**Problem to work on**
Would you retype the records below exactly as they appear?

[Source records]
┌──
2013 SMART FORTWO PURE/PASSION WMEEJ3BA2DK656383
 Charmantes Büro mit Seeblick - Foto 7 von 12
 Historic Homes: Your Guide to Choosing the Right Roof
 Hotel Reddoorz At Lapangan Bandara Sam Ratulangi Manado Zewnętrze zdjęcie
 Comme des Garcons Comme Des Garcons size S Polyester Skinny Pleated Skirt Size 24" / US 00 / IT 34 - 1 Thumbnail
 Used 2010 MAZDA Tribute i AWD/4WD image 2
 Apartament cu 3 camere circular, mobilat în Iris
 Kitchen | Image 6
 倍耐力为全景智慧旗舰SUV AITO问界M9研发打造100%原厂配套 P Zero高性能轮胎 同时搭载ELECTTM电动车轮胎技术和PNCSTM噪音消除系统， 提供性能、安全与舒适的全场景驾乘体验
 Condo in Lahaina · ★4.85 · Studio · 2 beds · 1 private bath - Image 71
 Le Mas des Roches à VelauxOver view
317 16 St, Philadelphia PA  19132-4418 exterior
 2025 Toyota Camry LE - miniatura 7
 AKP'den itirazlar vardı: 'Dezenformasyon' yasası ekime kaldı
└──
**Answer to the exercise**
2013 SMART FORTWO PURE/PASSION WMEEJ3BA2DK656383
 Charmantes Büro mit Seeblick - Foto 7 von 12
 Historic Homes: Your Guide to Choosing the Right Roof
 Hotel Reddoorz At Lapangan Bandara Sam Ratulangi Manado Zewnętrze zdjęcie
 Comme des Garcons Comme Des Garcons size S Polyester Skinny Pleated Skirt Size 24" / US 00 / IT 34 - 1 Thumbnail
 Used 2010 MAZDA Tribute i AWD/4WD image 2
 Apartament cu 3 camere circular, mobilat în Iris
 Kitchen | Image 6
 倍耐力为全景智慧旗舰SUV AITO问界M9研发打造100%原厂配套 P Zero高性能轮胎 同时搭载ELECTTM电动车轮胎技术和PNCSTM噪音消除系统， 提供性能、安全与舒适的全场景驾乘体验
 Condo in Lahaina · ★4.85 · Studio · 2 beds · 1 private bath - Image 71
 Le Mas des Roches à VelauxOver view
317 16 St, Philadelphia PA  19132-4418 exterior
 2025 Toyota Camry LE - miniatura 7
 AKP'den itirazlar vardı: 'Dezenformasyon' yasası ekime kaldı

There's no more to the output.